Thank yous are quick to write when you mean it. It’s easy to thank kids for the love that they share and life they bring into the world.
Today, it finally snowed.
I went on an emergency trip to Target amid giant, wet snowflakes that spatted over the windshield of my car to buy stationary.
When my mom showed me these super strange cards, I had to have them. They are fabulous and weird and I love them, and they should first be sent to one person.
This letter is to Betsy, who always manages to bring the best out of me and who appreciates weirdness and quirks. I love having interesting people in my life, and Betsy is no exception.
Tis the season for Christmas cards!
The other day I got a card from an old friend. It’s been years since I’ve seen her, but she included such a heartfelt letter and note that it made me tear up.
There are so many people in the world worth knowing. I am incapable of processing that thought, or of remembering every moment worth remembering, or in listing names of people who are loved. The world is so vast and huge and incomprehensible.
This letter is to Kelsey, who caused me to remember the goodness of people and small moments.
While student teaching, Jill and I used to come home from rough days and turn on this video and dance ridiculously around the kitchen.
I miss her wisdom and her humor and her fun and her willingness to be silly.
I wish there was an easy way in the world to see people from North Carolina any time you want to, but I’ll settle for a Christmas card.
sounds like the scariest, least-attractive school possibility in the world to me.
Marissa is taking that challenge head-on and loves it. I have the utmost respect for her and her love of the fight and her enthusiasm about the process and Law and Order. I love that she watches tv shows with as much passion as I do and can quote Bones episodes verbatim.
She takes no crap from people but has a soft heart. She shows no fear and watches chick flicks. She’s the closest person I know to embodying the idea of that Meet Virginia song by Train.
Generally speaking, I’m not into girly things. Glitter just makes a mess, pink is my least favorite color, etc.
Karin sent me a Christmas card this year that is so unabashedly glittery that I instantly loved it. I think people should choose things they like no matter what. I think people should represent themselves with glitter if it speaks to them. The glitter trail on my hands and tables reminds me of the awesomeness of Karin.

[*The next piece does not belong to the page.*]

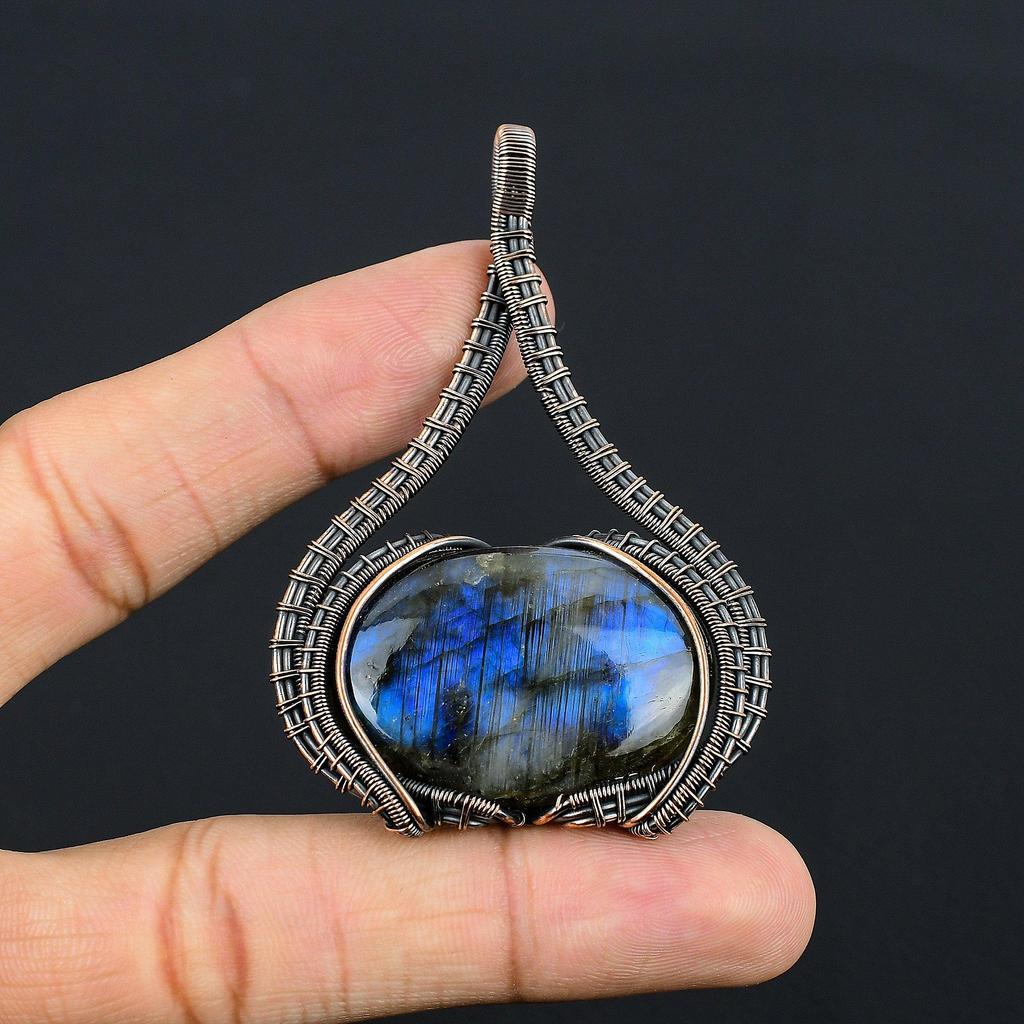 Labradorite Pendant, Handmade Gemstone 999 Copper Wire Wrapped Pendant Antique Jewelry, For Gift Silver Jewelry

Less than a year ago I met my friend Caleigh.
So much changes in a year. I have had my share of awfulness surrounding my life this year, but so many blessings as well. I’ve enjoyed new friendships and a fulfilling job and health and precious time with my grandma that I wouldn’t ever trade.
One of the best of those things is this miraculous friendship with Caleigh. I am thankful to have her in my life and look forward to many many years of friendship to come.

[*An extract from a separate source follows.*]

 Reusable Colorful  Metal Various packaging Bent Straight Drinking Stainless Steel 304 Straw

Trapped in a grocery store today made my phone drop a call at least 6 times. This was a phone call full of a good story and trying to figure out what to do next and just that good freak out you can enjoy when talking over something with your girlfriend. That conversation where your voice gets all high-pitched and you yell in frustration and laugh at the same time.
What a terrible time to drop a call!
So a letter to Tiffany, who showed great patience in hitting that redial button over and over again, as a thank you for some of those conversations that give life to my world.

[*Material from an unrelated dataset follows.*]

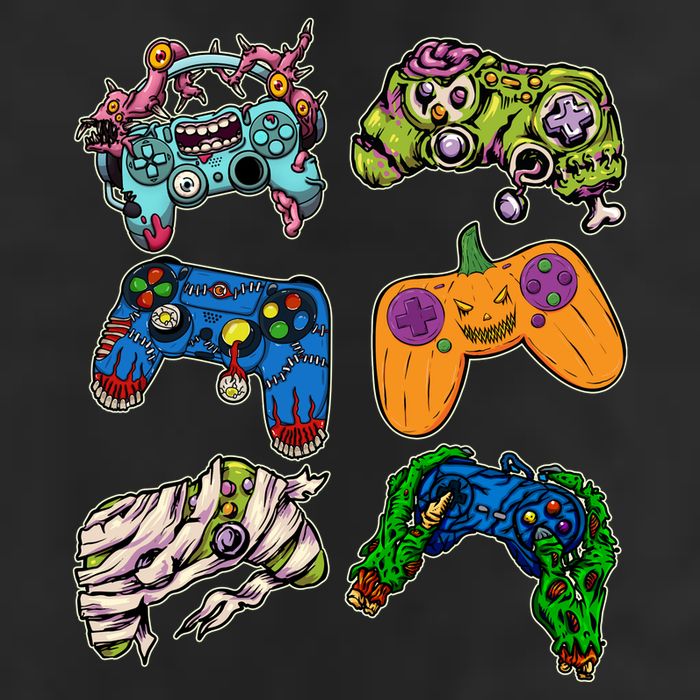 Halloween Monster Video Game Controllers 7 Panel Mesh Trucker Snapback Hat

I’ve been MIA. I’ve been overwhelmed with my life and busy and tired and haven’t felt well lately. This season has also been an emotional one for me. My grandma loved Christmas more than anyone I know and I’m missing her fiercely right now. Every time I see Christmas lights I remember her and her ability to keep a child-like wonder until she was eighty years old. I want to do Christmas right this year to respect her memory.
I wrote Christmas cards today. I wrote and wrote to make up for all the days that I didn’t post or write and then some. I wrote to express thanks to people who have poured love into me this year and I wrote to pour love into others. I wrote to keep in touch and to say hi to people I see consistently and I wrote to help remember my grandma.
Here’s the stack of envelopes. Twenty -five of them.
To Amy and Garrett, Kara, Scott, Tami. To Nick, Susie, Corey, Kelsey, and Danielle. To Betsy and Alyssa and Katie and Bryan and another Alyssa. To Tiffany, Esten, Katie, Jen, and Tom and Lois. To Darryce, Caroline, Gianna, Jane, Ellie, Caleigh, and Jenna.
Merry Christmas. I ran out of stamps.